Given data:
------------------------------

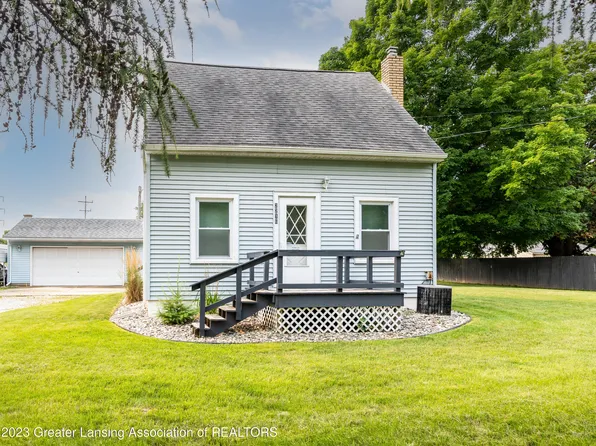 2216 E Cavanaugh Rd, Lansing, MI 48910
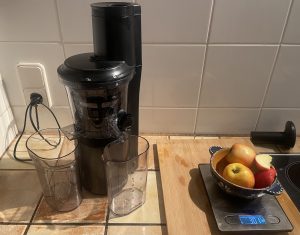 nutribullet NBJ500 Slow-Juicer Vorbereitung Apfeltest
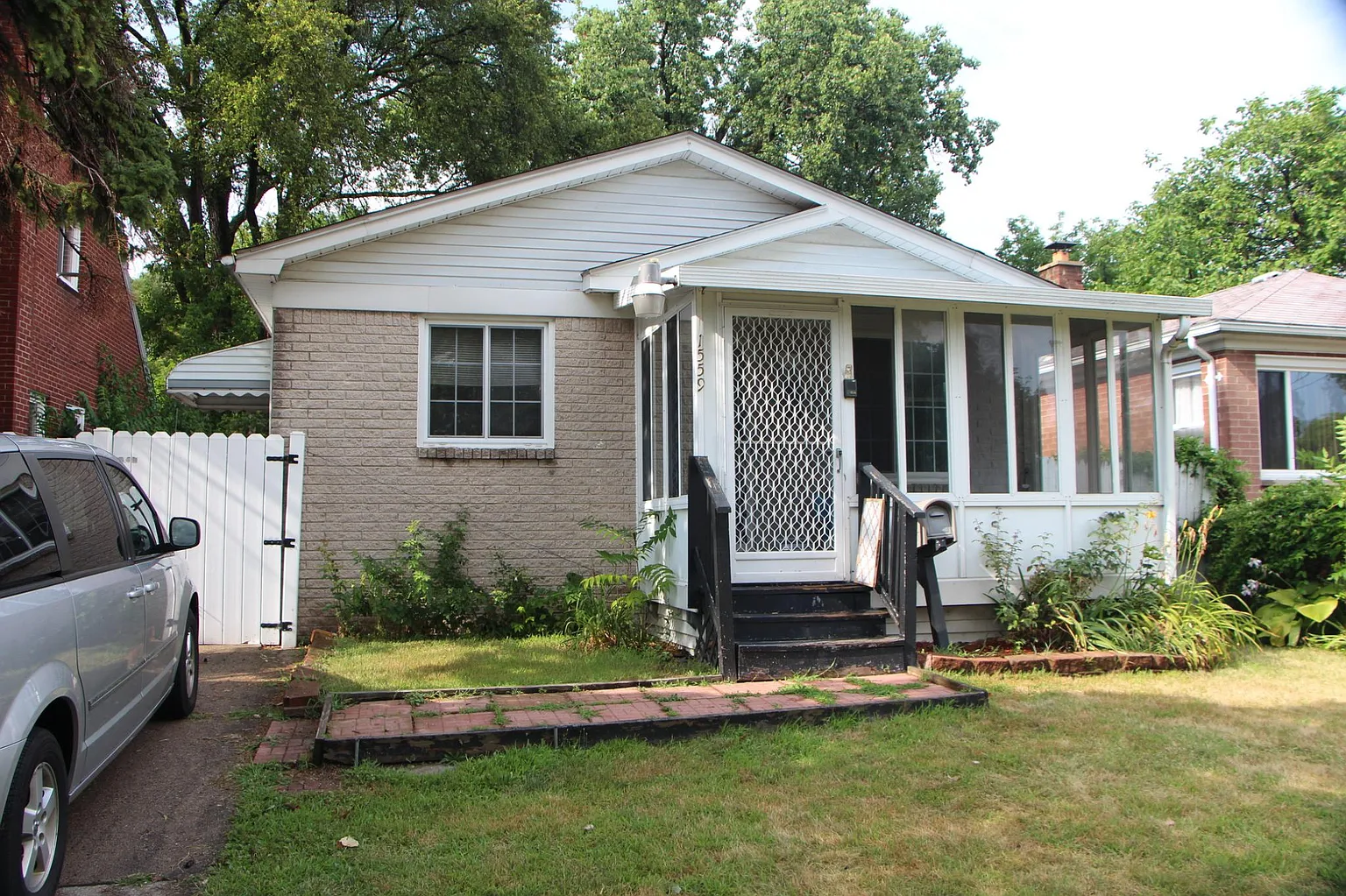 1559 E Elza Ave photo 1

------------------------------

What you have to do: Transcribe each line of the material above verbatim, but do not include the images.

Output for this exercise:
 2216 E Cavanaugh Rd, Lansing, MI 48910
 nutribullet NBJ500 Slow-Juicer Vorbereitung Apfeltest
 1559 E Elza Ave photo 1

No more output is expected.